__DIRECTIONS FOR THIS TASK__. Print every line below exactly as written, but leave the pictures behind.

__SOURCE DATA__.
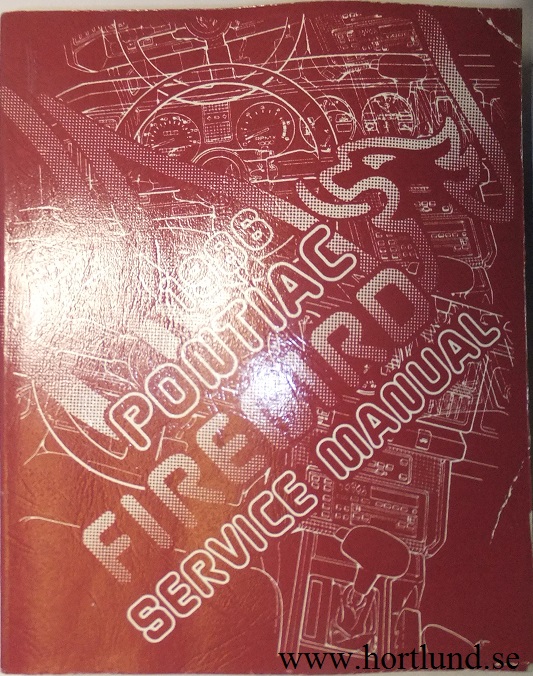 1986 Pontiac Firebird Service Manual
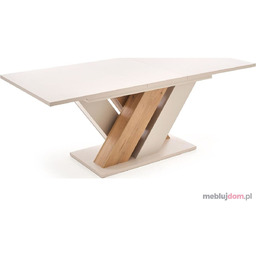 Stół BRANDON Halmar 90x160-200, Dab cremona + kaszmir
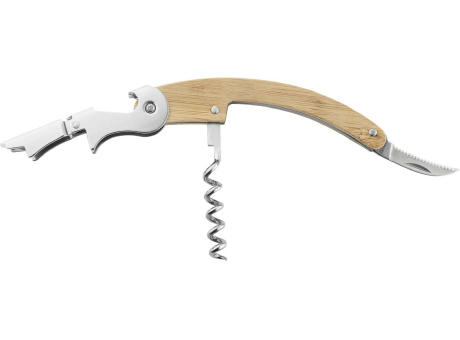 Metmaxx® Kellnermesser "Wine4you" braun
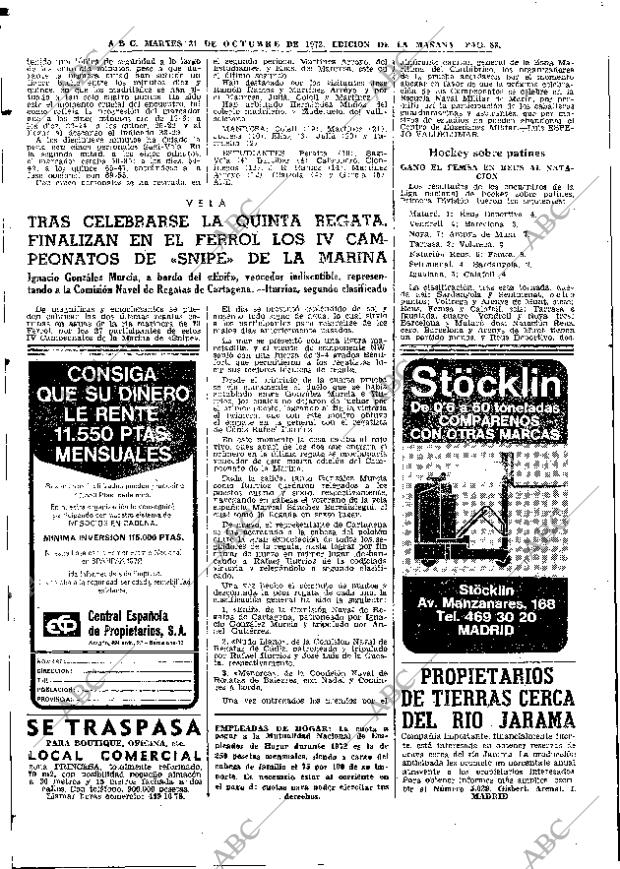 ABC MADRID 31-10-1972 página 86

__OUTPUT FOR THIS TASK__.
 1986 Pontiac Firebird Service Manual
 Stół BRANDON Halmar 90x160-200, Dab cremona + kaszmir
 Metmaxx® Kellnermesser "Wine4you" braun
 ABC MADRID 31-10-1972 página 86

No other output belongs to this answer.